(DATA SHOWN):
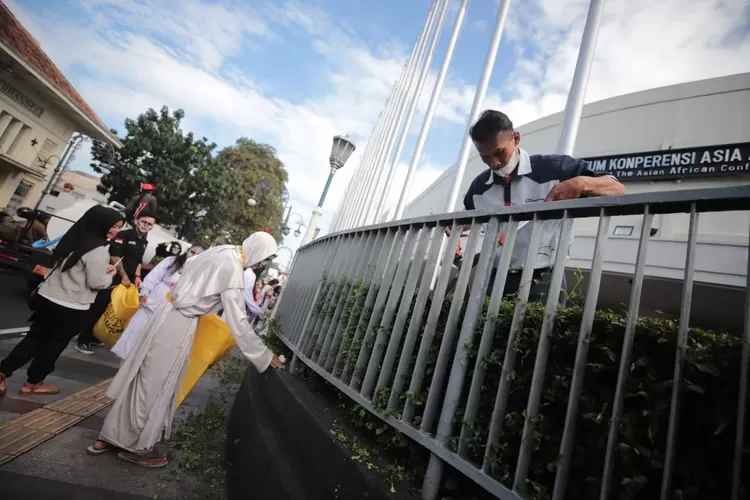 Menjelang Asia Africa Festival 2024, Pemkot Bandung dan komunitas berkolaborasi dalam kegiatan bersih-bersih kawasan Asia Afrika. (Humas Bandung / Gorajuara.com)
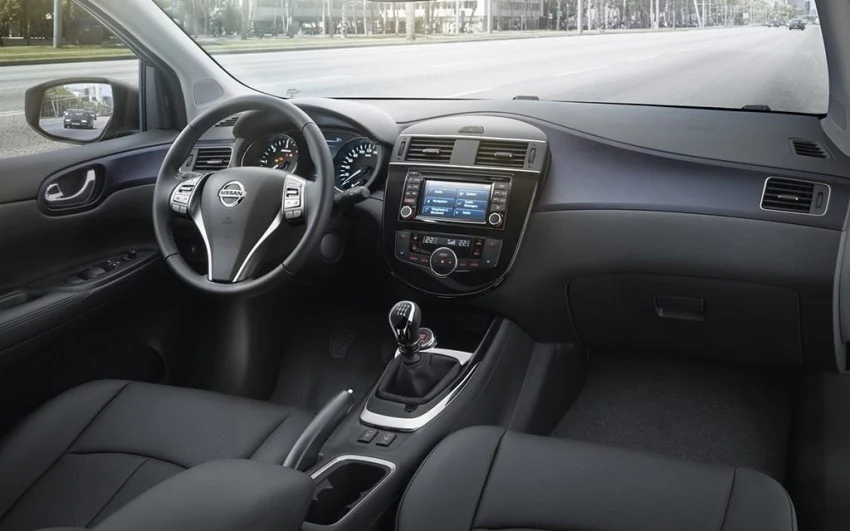 Nissan Pulsar dashboard telefoonhouder montage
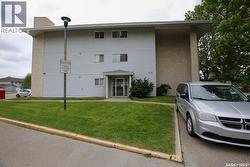505 2406 Heseltine ROAD  Regina, SK S4V 1N9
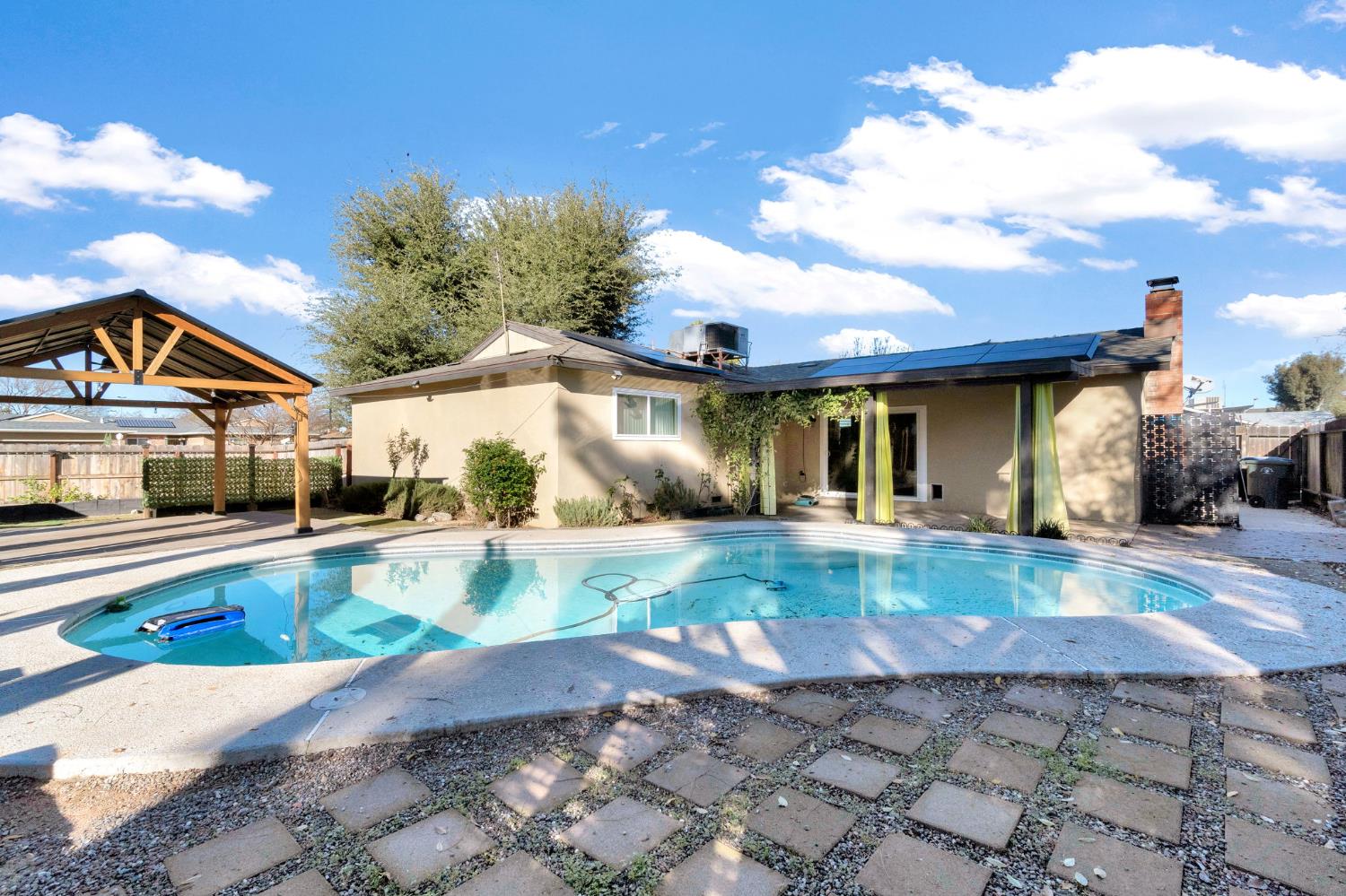 1408 Alamos Ave, Clovis, CA 93611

(PROBLEM): Pictures stay out. Copy exactly, and only, the lines from the one containing "505 2406 Heseltine" through the end of the data.

(TASK SOLUTION):
505 2406 Heseltine ROAD  Regina, SK S4V 1N9
 1408 Alamos Ave, Clovis, CA 93611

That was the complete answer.